With the Budget on Wednesday this week, the 21st of February, and markets expecting the marked fiscal slippage of the MTBPS (Medium-Term Budget Policy Statement) in November last year, if not worse, the rand has weakened.

2023’s MTBPS saw gross debt was projected to peak at 77.7% of GDP in 2025/26, substantially higher than February 2023’s Budget estimate, of 73.6% of GDP for the same year, with deteriorated bond values persisting (see Bond Note, 31st January).

Gross debt projections were raised in eth MTBPS, to above 70.0% / GDP by 2031/32, reducing the sustainability of government finances, with a debt ratio of 60% of GDP the maximum sustainable debt ratio for an EM economy, and so worrying markets.

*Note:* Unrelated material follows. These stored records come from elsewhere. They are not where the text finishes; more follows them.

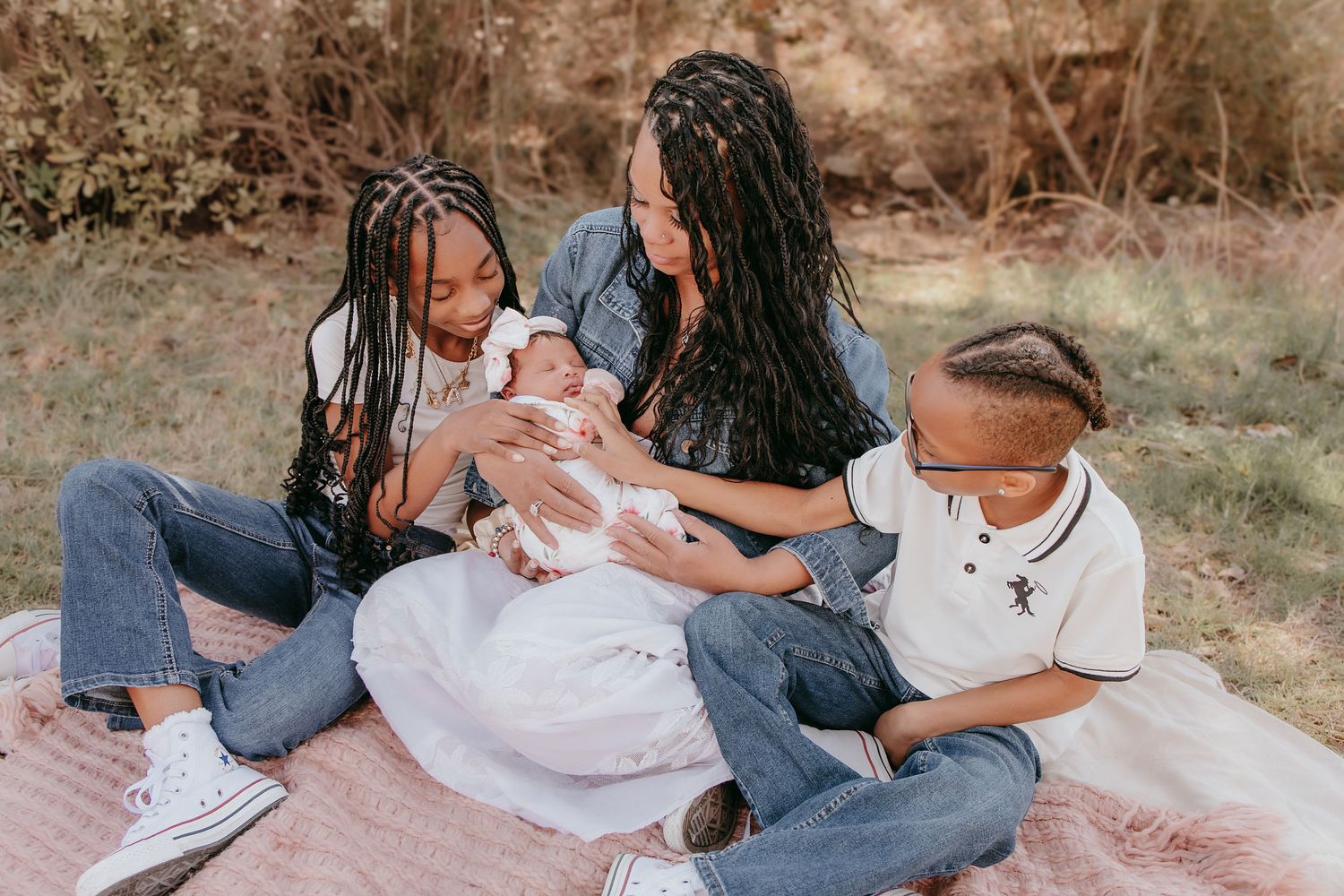 Family sitting on pink blanket outdoors with mother holding newborn baby surrounded by two children.
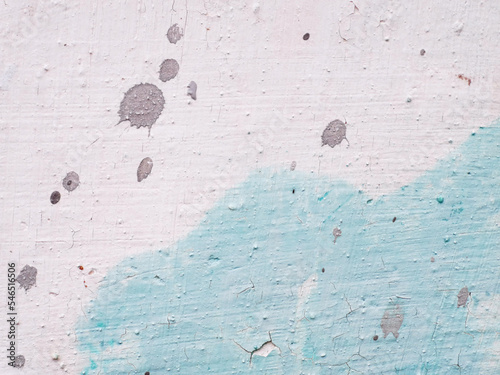 Dirty vintage two colored whyte blue stucco wall with grey cement stains. Stained cracked paint with grains photo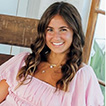 Smiling woman with long wavy hair wearing a light pink top indoors.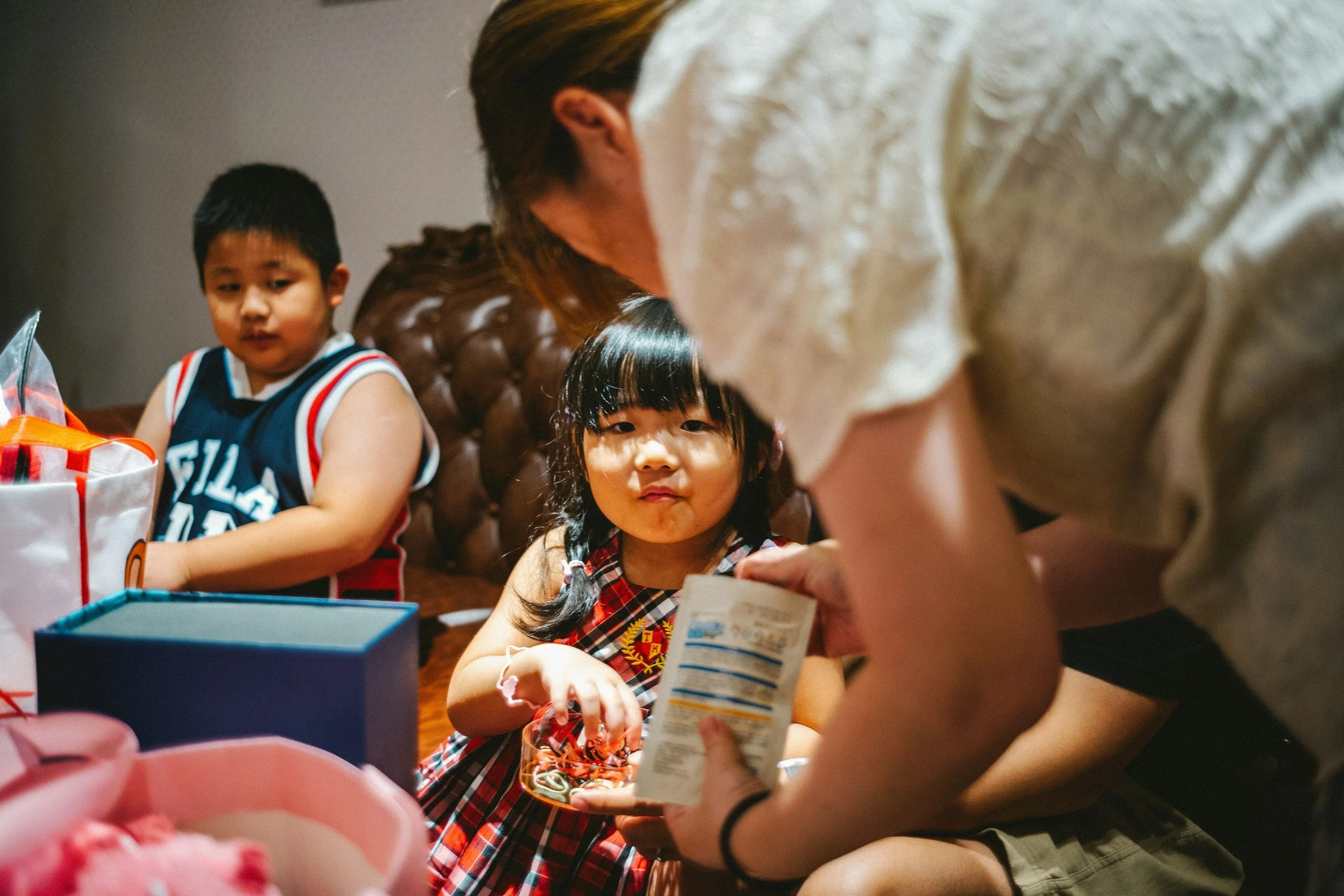 Two children sitting at a table with an adult, opening presents and examining items for a celebration or birthday party.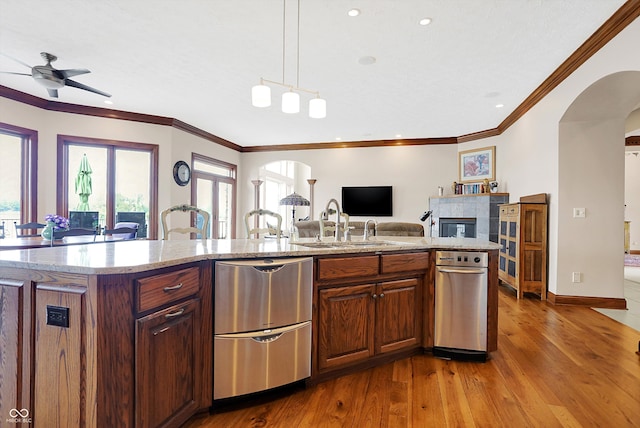 kitchen featuring a kitchen island with sink, a wealth of natural light, pendant lighting, and hardwood / wood-style floors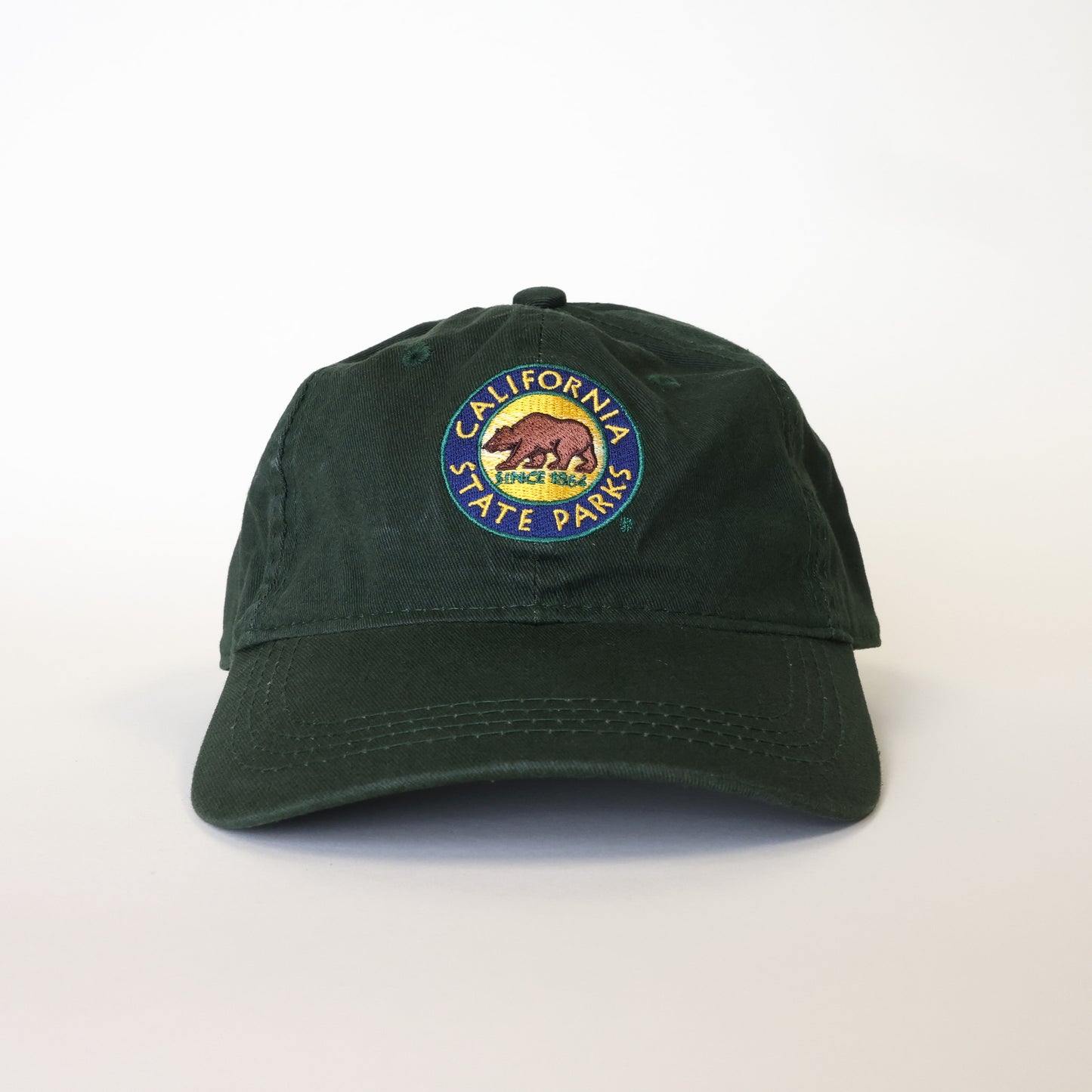 a forest green baseball hat with an embroidered California State Parks logo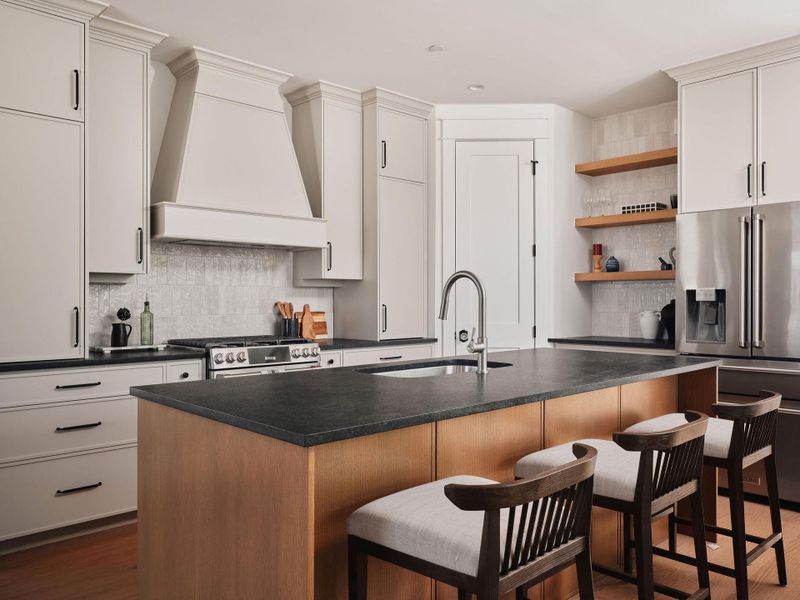 Kitchen with stainless steel appliances, a kitchen island with sink, dark wood-style flooring, and a kitchen bar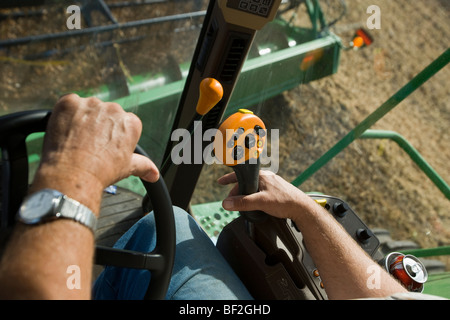 Agricoltura - Le mani di un contadino di azionare i comandi di una mietitrebbia durante il raccolto di soia / Northland, Minnesota, Stati Uniti d'America. Foto Stock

Expenditure is already74.2% of budget for the first three quarters of 2023/24 (and revenue 71.5%), vs. expenditure of 70.1% for the same period of 2022/23 (revenue 72.2%) - a marked drop in the projected debt to GDP ratio for this year is unlikely.

Specifically, for this fiscal year (2023/24), the 2023 February Budget projected gross debt at 72.2% of GDP, which was then pushed up to an estimate of 74.7% of GDP in 2023’s November MTBPS, evidencing the deterioration in fiscal health. 

Additionally, the 2023/24 budget deficit was revised weaker, at -4.9% of GDP in the MTBPS vs. -4.0% of GDP, further evidence of fiscal slippage, and the deteriorated budget deficit projections of later years won’t have improved substantially.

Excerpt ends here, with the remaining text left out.